# WHAT TO DO
When you reproduce the data, keep every word exactly as it stands and leave the pictures out.

════════════════════

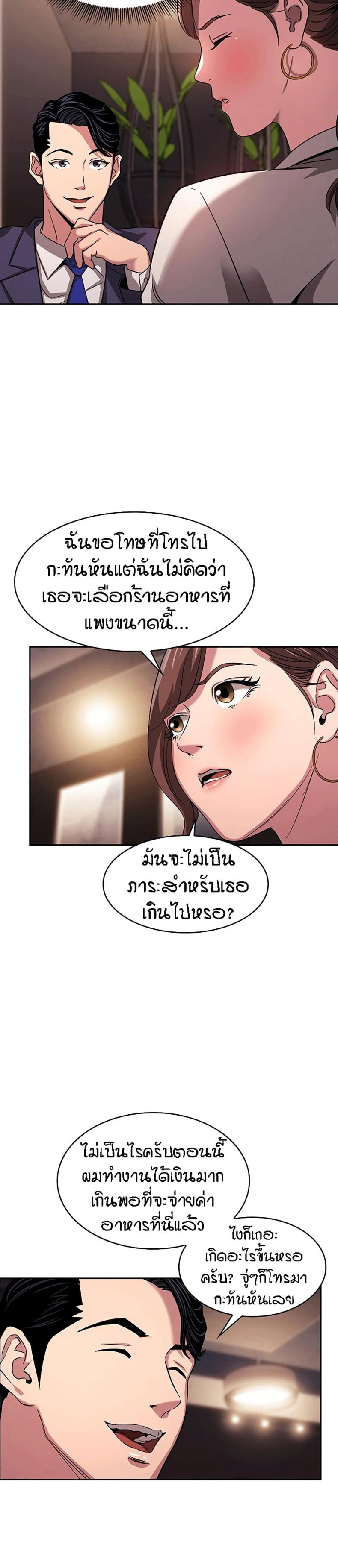 page-4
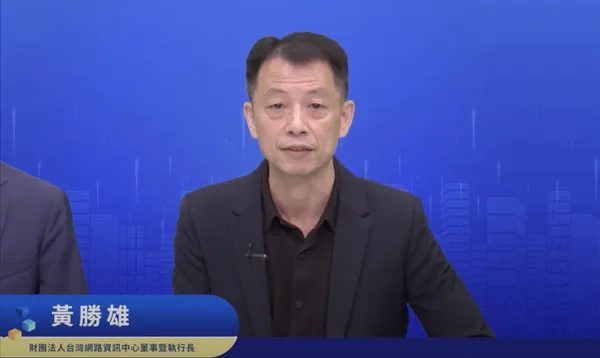 TWNIC論壇2022黃勝雄.jpg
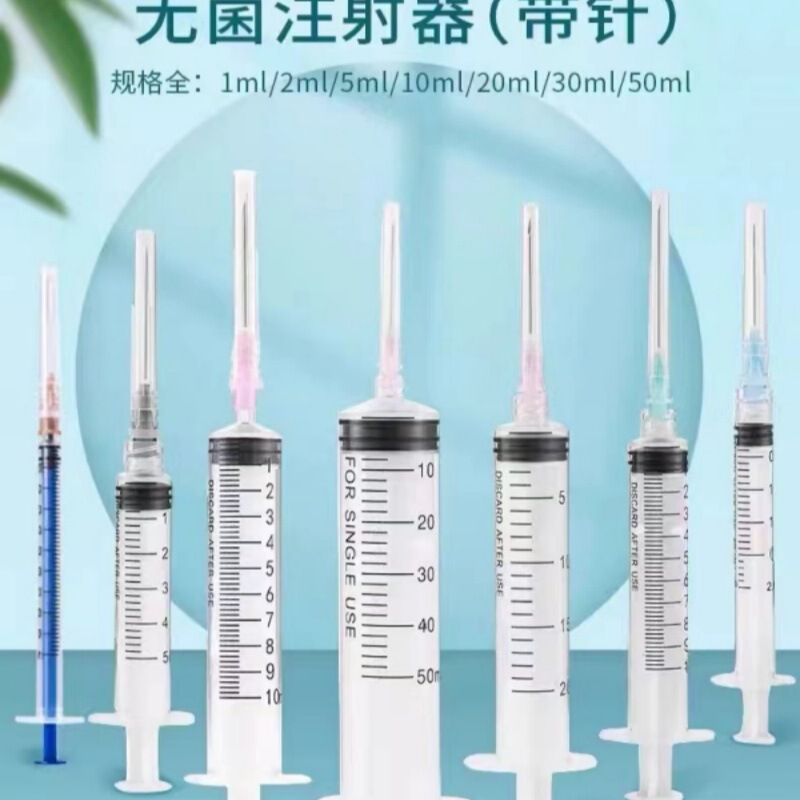 Disposable Sterile Medical Syringe 10ml Shengguang Multi-Specification Medical Beauty Syringe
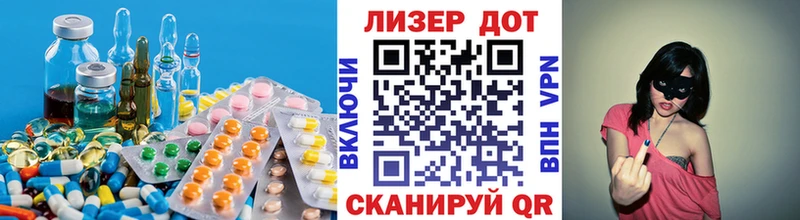 Купить  Кировград  ЛСД экстази кислота 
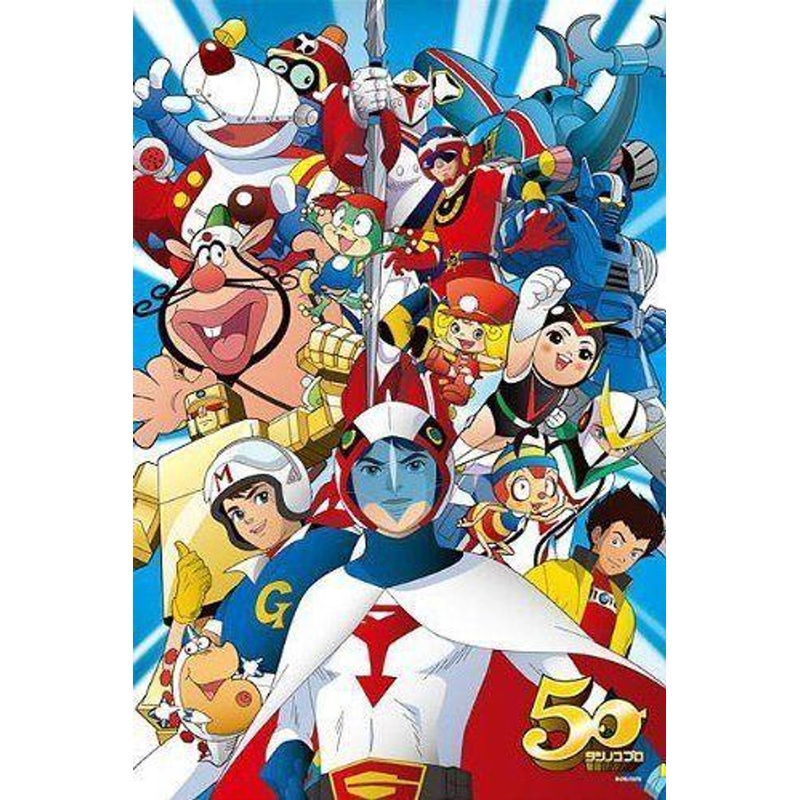 Ensky 1000-301 Jigsaw Puzzle Tatsunoko Pro 50th (1000 Pieces)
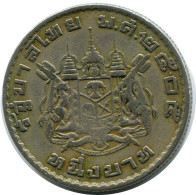 1 BAHT 1962 THAÏLANDE THAILAND RAMA IX Pièce #AZ120.F.A - Thaïlande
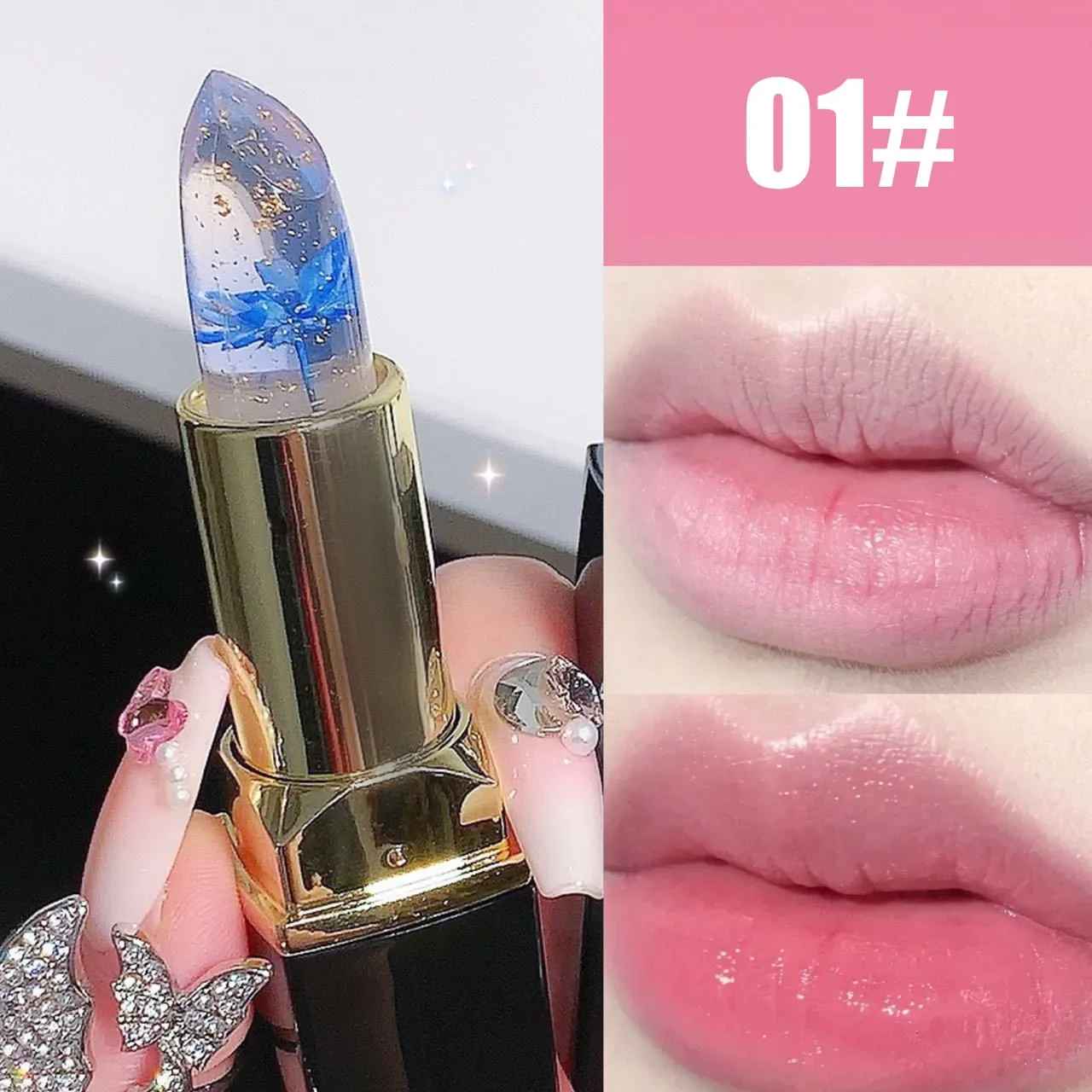 Flower Jelly Lippenstift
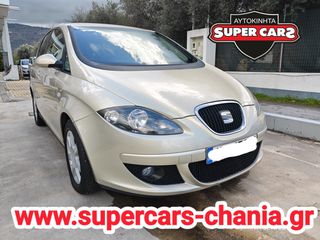 Seat Altea 2005 SUPERCARS XANIA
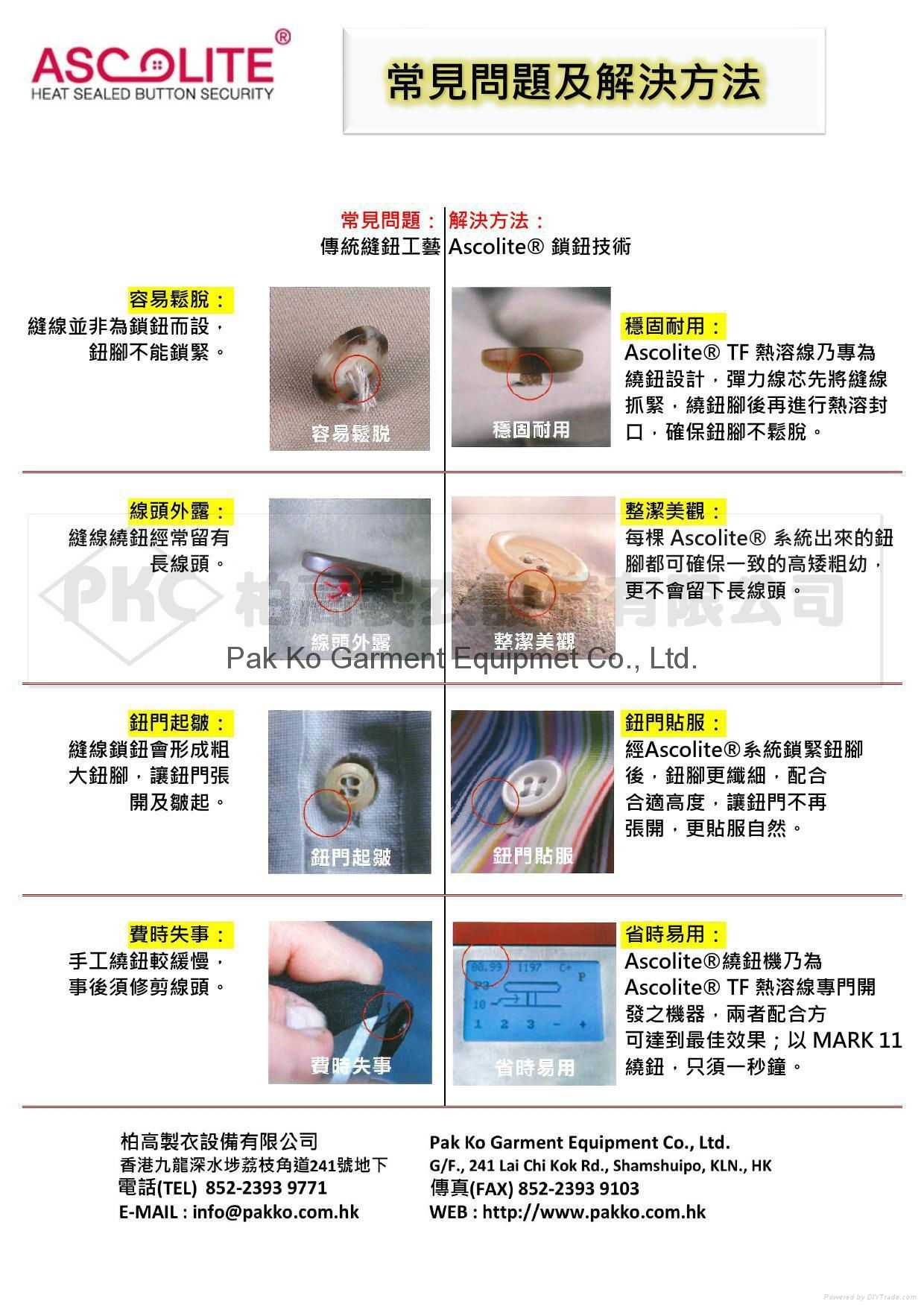 Ascolite 自動鎖鈕腳機 4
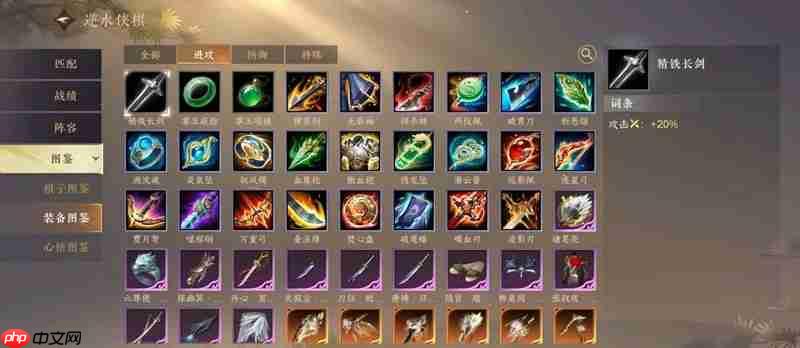 《逆水寒手游》自走棋搭配攻略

════════════════════

# REPLY TO THE EXERCISE
 page-4
 TWNIC論壇2022黃勝雄.jpg
 Disposable Sterile Medical Syringe 10ml Shengguang Multi-Specification Medical Beauty Syringe
 Купить  Кировград  ЛСД экстази кислота 
 Ensky 1000-301 Jigsaw Puzzle Tatsunoko Pro 50th (1000 Pieces)
 1 BAHT 1962 THAÏLANDE THAILAND RAMA IX Pièce #AZ120.F.A - Thaïlande
 Flower Jelly Lippenstift
 Seat Altea 2005 SUPERCARS XANIA
 Ascolite 自動鎖鈕腳機 4
 《逆水寒手游》自走棋搭配攻略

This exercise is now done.